The Day Our Dinghy Ran Away


When I woke up and saw empty water behind the boat, my brain refused to process it.

The dinghy was gone.

“Chris. Our dinghy is gone,” I cried out in a calm, cold, confused tone.

"What?" He ran out to inspect then bolted up to the pilot house, grabbed the binoculars, and scanned the horizon while I lifted the painter line. In that moment of adrenaline, it looked cut. Clean. My stomach dropped. I tossed the line down, raced up the cockpit stairs to the pilot house, and grabbed the radio.


“Uh… any boats in the anchorage… this is Plot Twist… has anyone seen a dinghy drifting?”

Nothing. No response.

The silence screamed.

Our brand-new dinghy — the price of a used car. Our transportation. Our freedom. Gone.

I started calculating wind drift, current, money. How far could it have gone be by now. I'd been resting int he salon only feet from where it had been tied up, and I'd heard nothing. I debated inflating the paddleboard and going boat to boat asking in person if anyone had seen anything.

The radio crackled. “Plot Twist, this is Little Mermaid.”

The same sweet sailboat that had sailed into Port Lucaya ahead of us only a week or so ago called out. They’d caught enough of the situation to check in and offer help, despite being on the other side of the island.

(I have to pause here to reinterate that boaters are the best. We rely on each other in a way people in suburia don't have ot anymore.
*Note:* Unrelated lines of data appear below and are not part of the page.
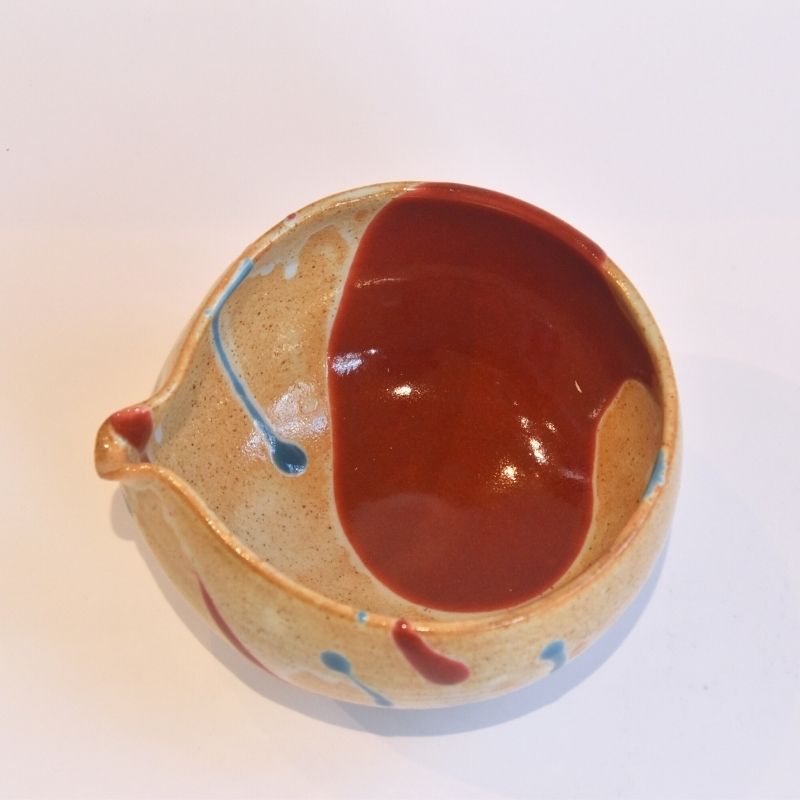 Ceramic bowl with brown interior and beige exterior on a white background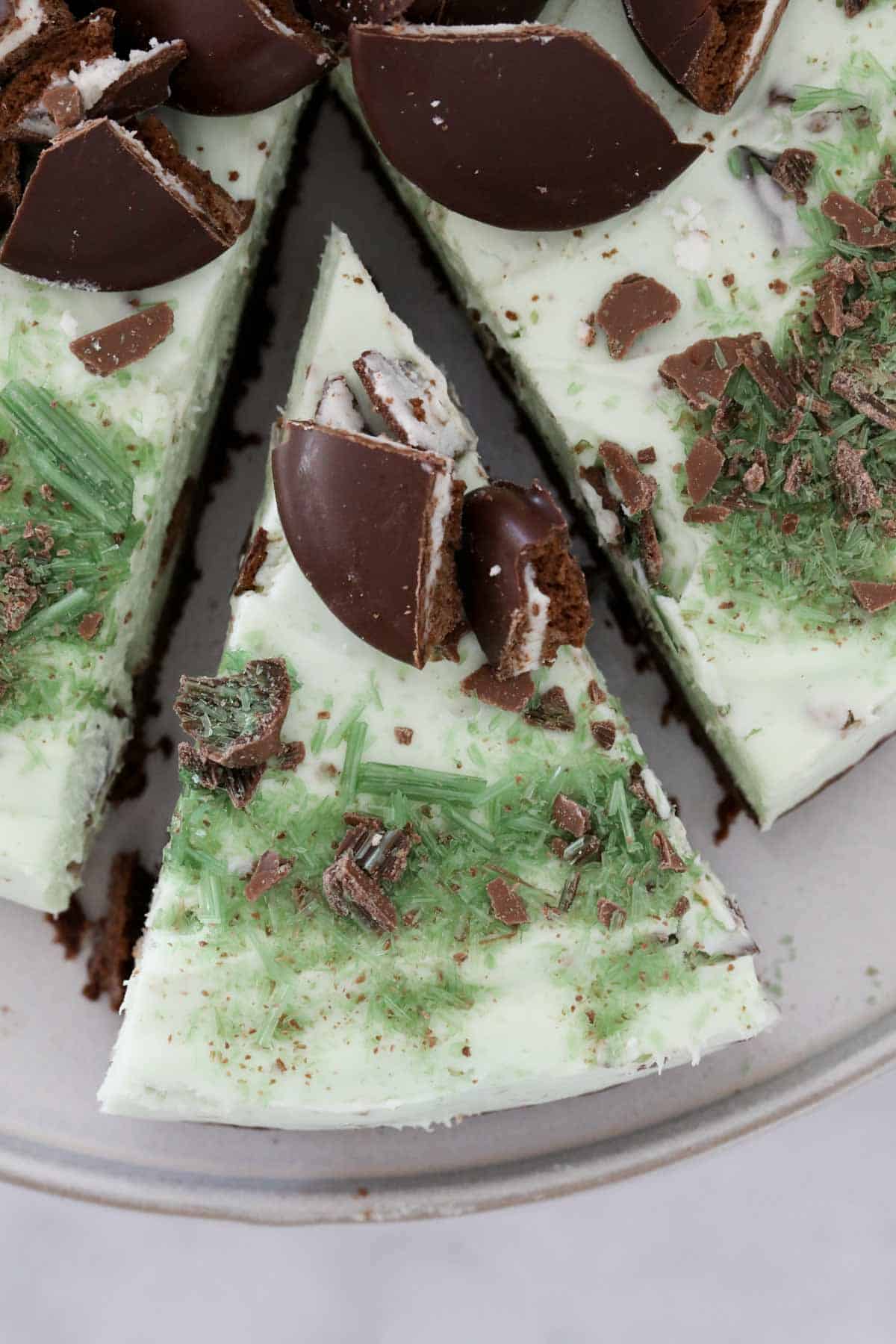 Looking down on a peppermint cheesecake with one slice slightly removed.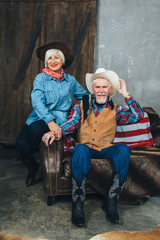 Obraz na płótnie Canvas elderly couple, cowboy style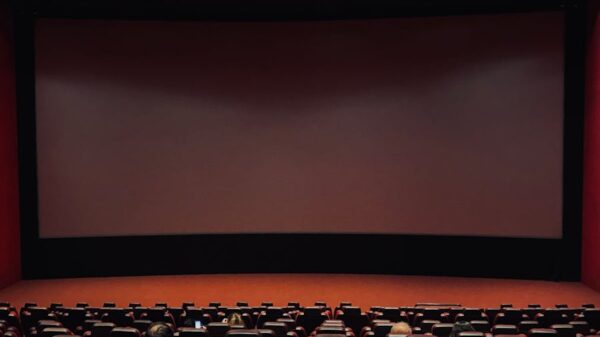 Dimly lit cinema hall with red seats and a blank screen. Minimal audience.
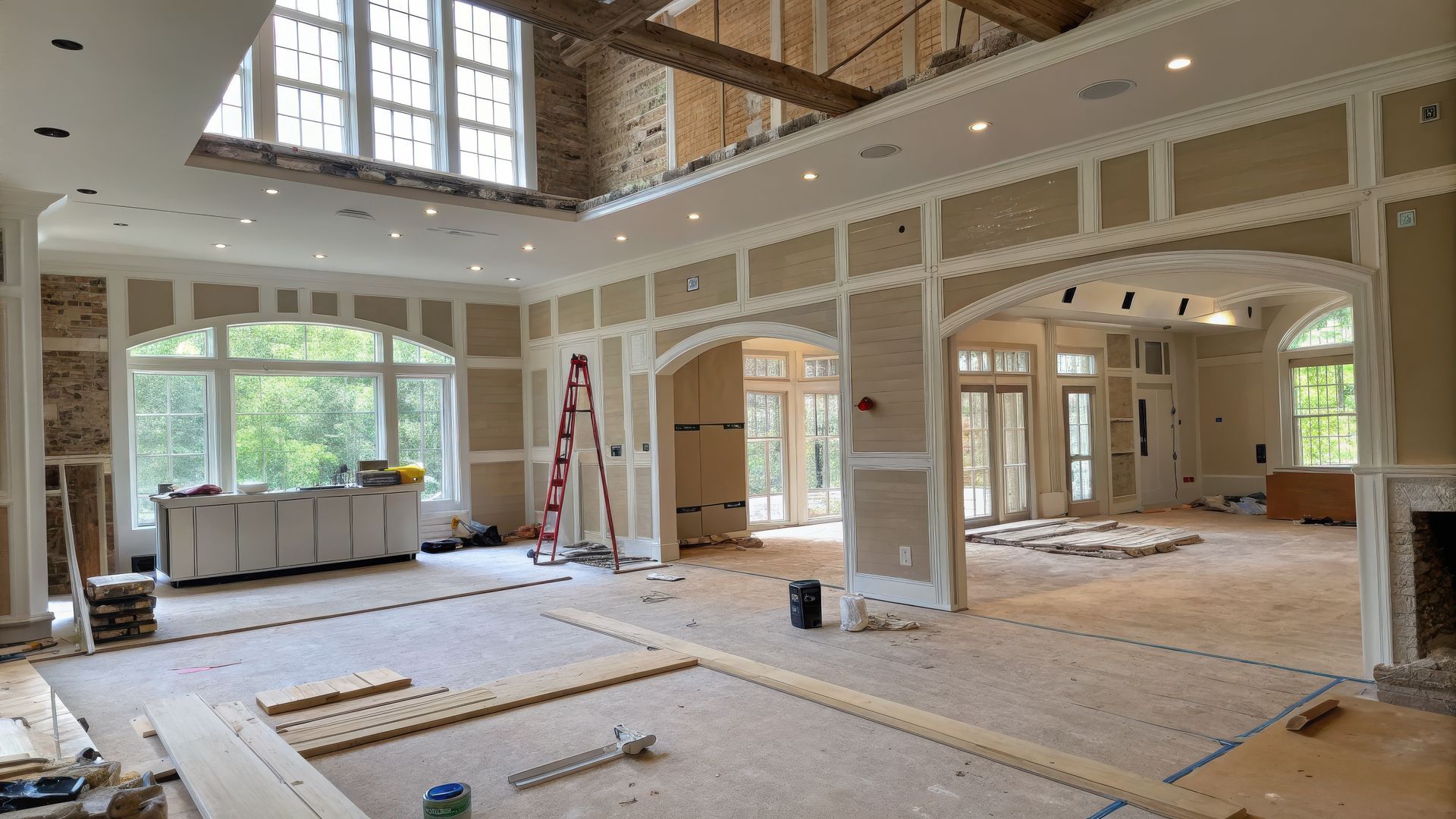 A large room under construction with white trim, unfinished walls, arched doorways, large windows, and a red step ladder.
It bonds us, makes us into insta-friends who turely care. it's why I love this community so much.)

While I was still talking to Little Mermaid, a man came slowly motoring through the anchorage… towing a dinghy.

Grey hull.

Familiar shape.

For one suspended second, I didn’t let myself hope.

Then I saw the console, the length, and I knew.

It was ours.

Our dinghy must've wanted to make friends with him because when it came lose it drifted back and knocked on his haul.

Relief surged through me.

We waved like ridiculous people.  Chris exhaled for the first time in ten minutes.

Our dingy savior brought her back alongside, safe and unharmed.

In the calm that followed, Chris and I disagreed slightly about what had happened. In the rush of panic, we thought the line had been cut. But looking again, slower and steadier, I don’t believe it was. I think the painter slipped off the cleat. we may never know, but it doesn't matter. As a boater it is a lesson learned. We'd always tied two lines, but when we thought we were boarding for only a few minutes we got lazy and only tied one. That will never happen again.

Lesson learned — mercifully, without paying for it. 

We offered our new found friend boat currency (beer) for his time and assitance. He accepted and we sat around chatting for awhile about where we've been and what our upcoming plans were while my pulse lulled to a steady beat again.

With our dinghy secure (very secure), we checked the forecast and discoverd a blow was coming, so we decided to run toward the Exumas, thinking it would be less intense farther south. It felt proactive. Strategic.

We sacraficed our opportunity to enjoy our paddle through Shark Creek to see the baby turtles (sniff, sniff), and set out for Rose Island near Nassau. Our stopping point on the way to the Exumas.

This stop was a great choice, as we were able to swim and enjoy the turquoise waters for the first time in a calm sea state and really have a lovely evening, but then the forecast shifted.

Again.

Because out here, you don’t just need Plan A, you need to be more flexible than a contortionist.